# Your objective:
Repeat only these lines, exactly: the first line of the data, the line containing "Stability control, traction", and every line between them. Pictures stay out.

§ §

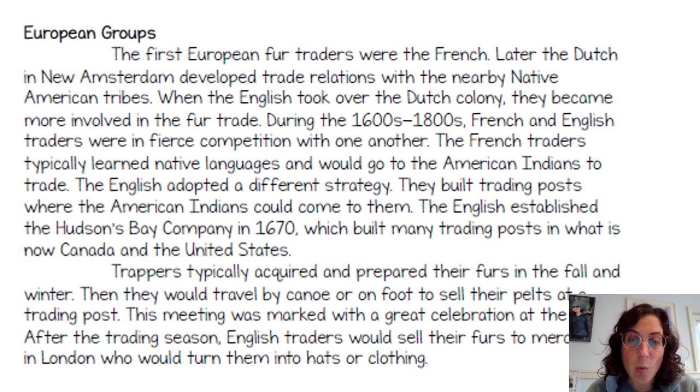The English established the Hudson's Bay Company in 1670, which built many trading posts in what is now Canada and the United States. Trappers typically acquired and prepared their furs in the fall and winter, then would travel by canoe or on foot to sell their pelts at a trading post. This meeting was marked with great celebration. After the trading season, English traders would sell their furs to merchants in London who would turn them into hats and clothing.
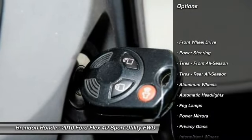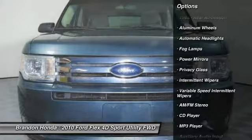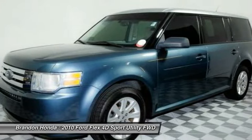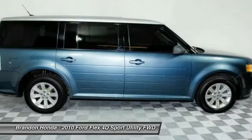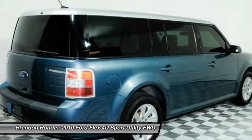Stability control, traction control, steering wheel audio controls, anti-lock braking system, keyless entry, leather-wrapped steering wheel, adjustable steering wheel, power steering, driver airbag, floor mats.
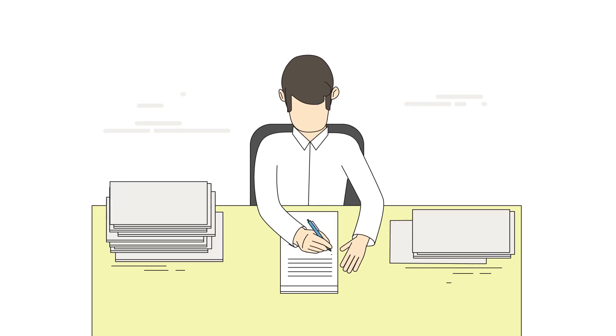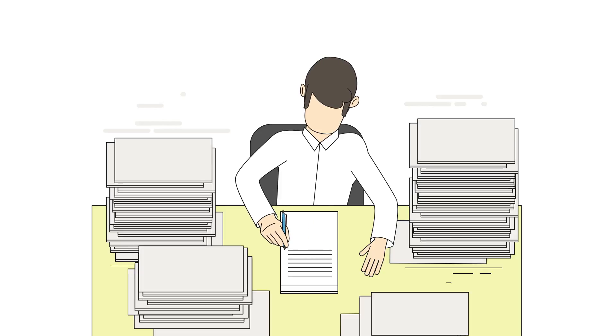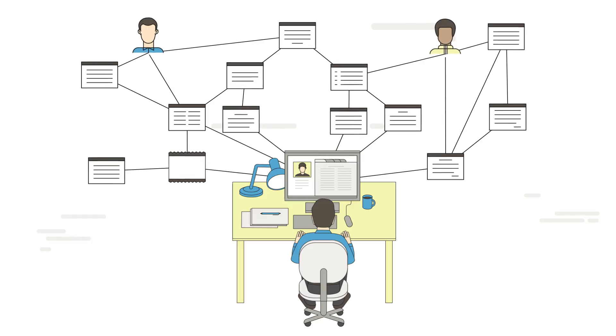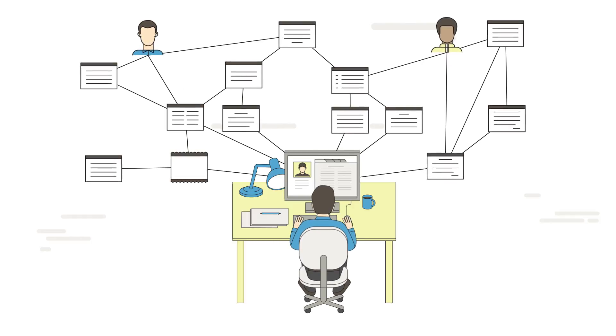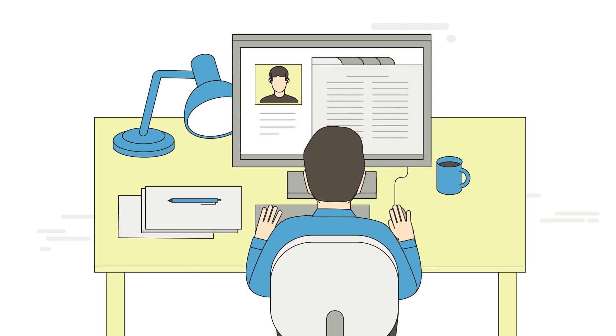When the case is finally handed over to the prosecutor, those files also need to be sorted to be able to present the case in court. There's got to be a better way. Well, now there is. Information collected at the crime scene can now be digitally gathered, so it becomes streamlined and efficient back at the office.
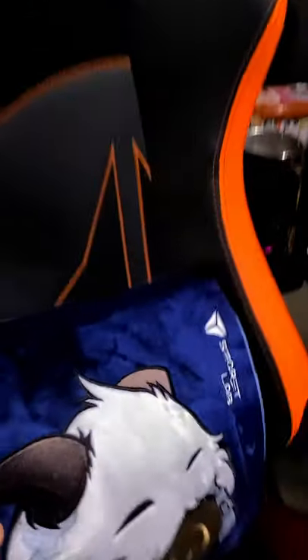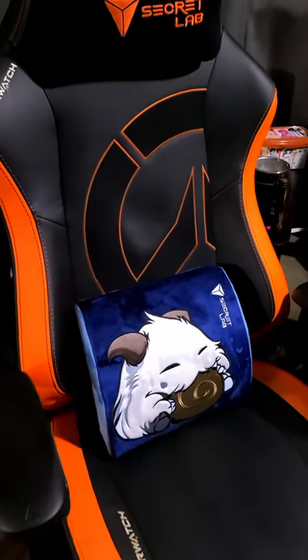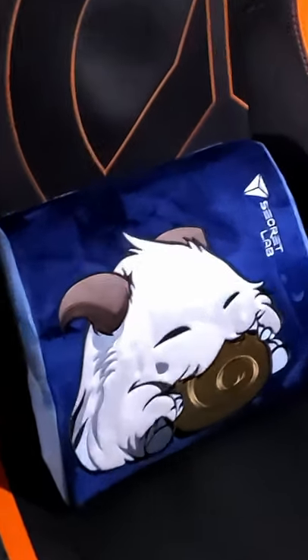Let's check and see how it looks on the Overwatch chair. Okay, this Poro is looking pretty fly, buddy. This is a good little combination. Oh yes, daddy.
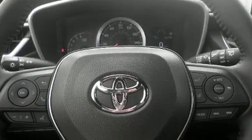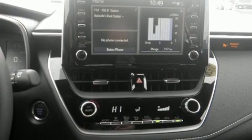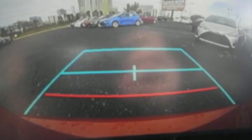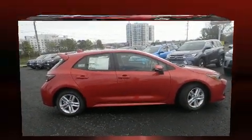Toyota ensures the safety and security of its passengers with equipment such as dual front impact airbags with occupant sensing airbag, head curtain airbags, traction control, brake assist, anti-whiplash front head restraint, ignition disabling, and an emergency communication system.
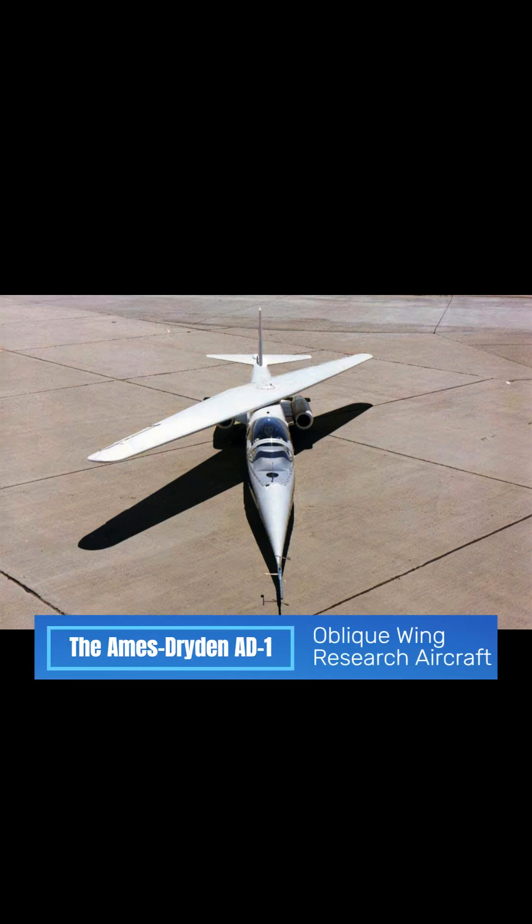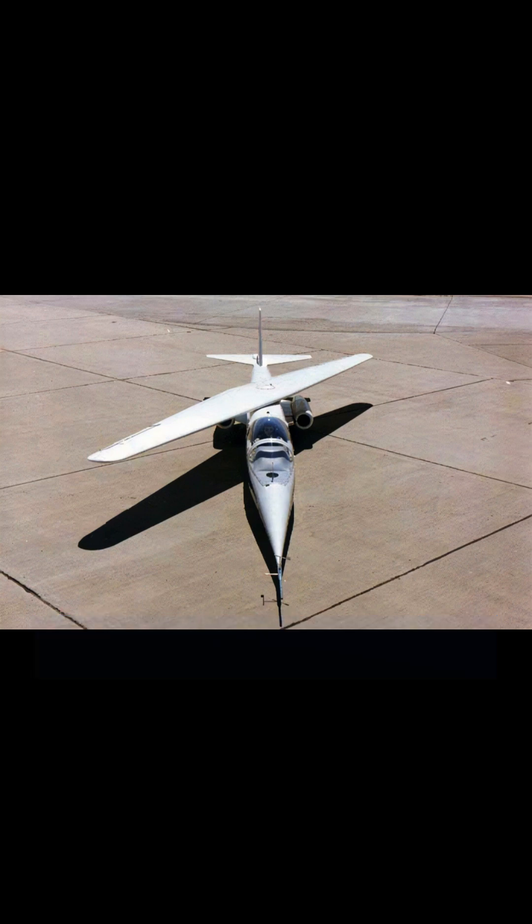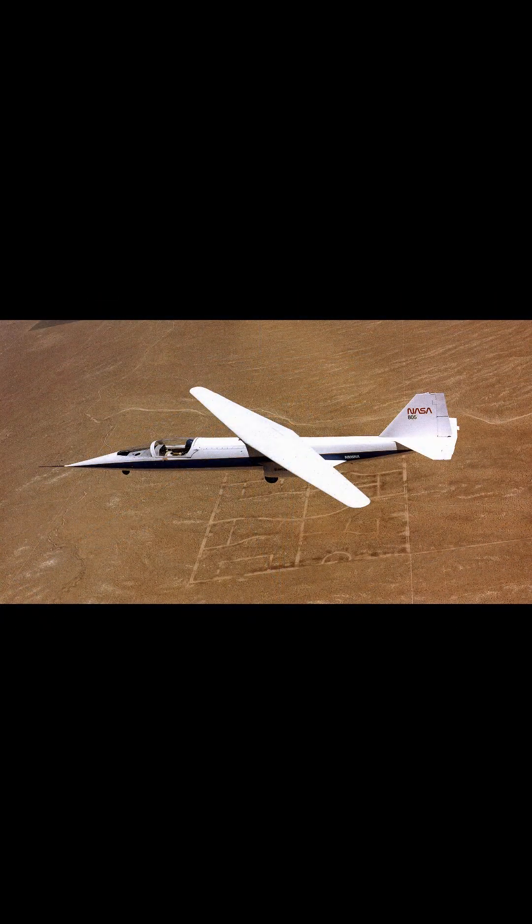The NASA AD-1 was both an aircraft and an associated flight test program conducted between 1979 and 1982 at the NASA Dryden Flight Research Center. The unique oblique wing was demonstrated on a small, subsonic jet-powered research aircraft called the Ames Dryden-1.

§ §

# Reply to the task:
The English established the Hudson's Bay Company in 1670, which built many trading posts in what is now Canada and the United States. Trappers typically acquired and prepared their furs in the fall and winter, then would travel by canoe or on foot to sell their pelts at a trading post. This meeting was marked with great celebration. After the trading season, English traders would sell their furs to merchants in London who would turn them into hats and clothing.
Stability control, traction control, steering wheel audio controls, anti-lock braking system, keyless entry, leather-wrapped steering wheel, adjustable steering wheel, power steering, driver airbag, floor mats.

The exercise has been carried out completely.